Technical Design Decisions¶
This page describes CM-Well's main technical features and design principles, the implementation options that were considered, and the decisions that were taken.
Linked Data & WOA¶
CM-Well is first and foremost a Linked Data repository, accessible via web service. Linked Data and Web Oriented Architecture (WOA) are global standards and design principles that model information so that it is extensible (by other data sets), easily machine-readable, and enables semantic queries and inference of implicit relationships among the modeled entities.
These are the most central principles that CM-Well implements, from which many other requirements are derived. (See CM-Well Data Paradigms to learn more.)
RDF and Triple Stores¶
The standard way of encoding Linked Data is in Resource Description Format (RDF), which is a way of describing subject-predicate-object triples. These triples represent either attributes belonging to entities (e.g. CompanyX - FoundedOnDate - 03/28/1998), or relationships between two entities (e.g. JohnSmith - WorksAt - Intel).
Since triples are the most basic unit of an RDF repository, the first requirement that CM-Well had to implement was to maintain a triple-store infrastructure that would be convenient, robust and scalable.
Many triple-store products were assessed, including Oracle NoSQL, Apache JENA and BigData (now BlazeGraph). But none had the necessary scalability that was required for Thomson Reuters huge and ever-growing amount of data. It was decided to develop a thin proprietary layer to implement a scalable triple-store over 3rd-party storage packages (see Storage and Search Modules).
Information Object (Infoton)¶
Upon consideration of the type of data that would feed CM-Well (among other things, entities from the Refintiv Knowledge Graph) it quickly became clear that a higher level of abstraction than the triple would be required. Most use cases focused on entities and their accompanying attributes and related entities. Thus the "information object" was born, and nicknamed "infoton". The infoton represents a single entity (such as an organization or person), and contains all the triples related to that entity.
As dictated by Linked Data principles, infotons were designed to be accessible via URI (Universal Resource Identifier).
Adding the infoton abstraction positioned CM-Well at the mid-point between key-value databases (the infoton's URI serves as a "key" for retrieving it) and document databases (the infoton itself is a kind of "document" containing all its related information).
Storage and Search Modules¶
CM-Well storage needed to be able to handle the magnitude of Big Data, while still enabling speedy retrieval and scalability. Again, several products were evaluated (including SONAR and Apache HBase) before deciding on the optimal tools.

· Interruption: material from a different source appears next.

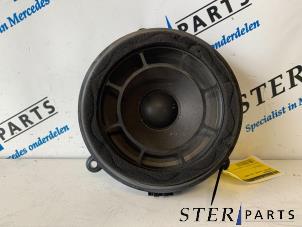Gebruikte Luidspreker Mercedes C Combi (S203) 2.2 C-200 CDI 16V Prijs € 9,95 Margeregeling aangeboden door Sterparts Mercedes specialist
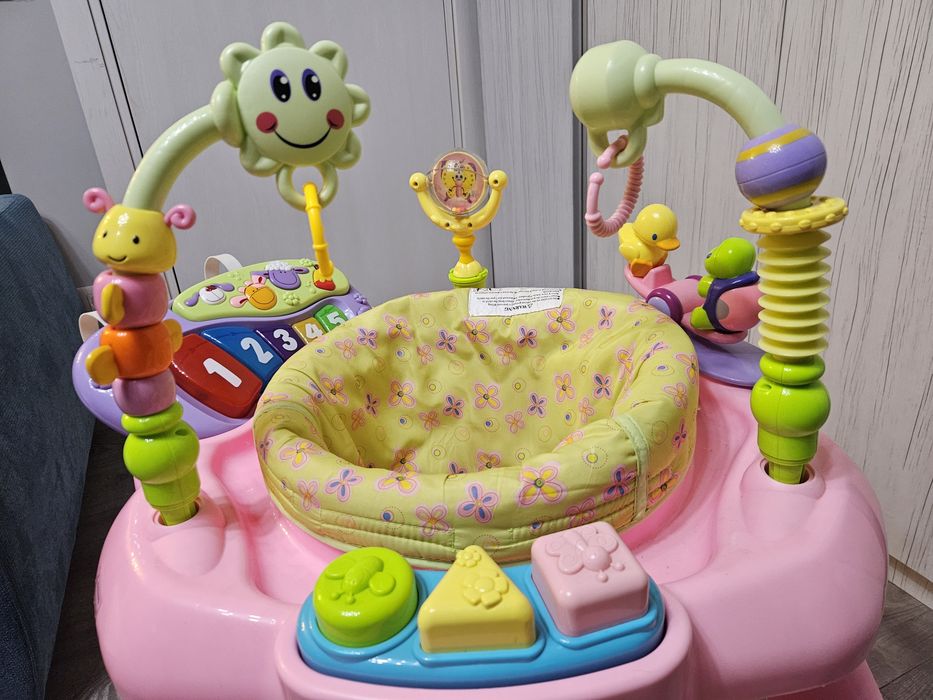 Vand centru de activitati cu trambulina  Hola Toys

CM-Well uses Apache Cassandra for table-based search (for direct access to infotons) and Elastic Search for full-text search capabilities. There is also a proprietary layer called FS-Logic, which hides implementation details from higher-level modules, allowing the infrastructure underneath to be changed if necessary.
Advanced Queries¶
Although the initial versions of CM-Well only supported direct URI access and traversing triples, later versions needed the added sophistication of complex queries. These were implemented using SPARQL - the standard query language for RDF stores. CM-Well uses the Jena SPARQL package.
"Information in Motion"¶
Many Linked Data repositories are geared to be "static", i.e. to represent a data set that hardly changes over time, which mostly serves read requests.
CM-Well is a dynamic data store, with capabilities for real-time updates and notifications. Users can create their own repository, modeling any data they choose. Users can also subscribe to get real-time notifications about changes to items of interest.
To support these functions, CM-Well has write functions in its API, which allow users to add, delete and update triples and infotons. It also supports PuSH notifications (an extension of RSS feeds that provides real-time notifications over HTTP).
Immutable Data and Deep History¶
CM-Well supports an "immutable data" paradigm, meaning that even though infotons may be updated over time, any version of an infoton that you retrieve will always exist in the CM-Well repository, possibly as a "historical" version. The "main" version (the one retrieved by the entity's URI) is always the most current version.
This way, you have the option of both obtaining the up-to-the-minute information, while still being able to access historical versions for analytical purposes. Historical versions allow you to examine changes in attribute values over time.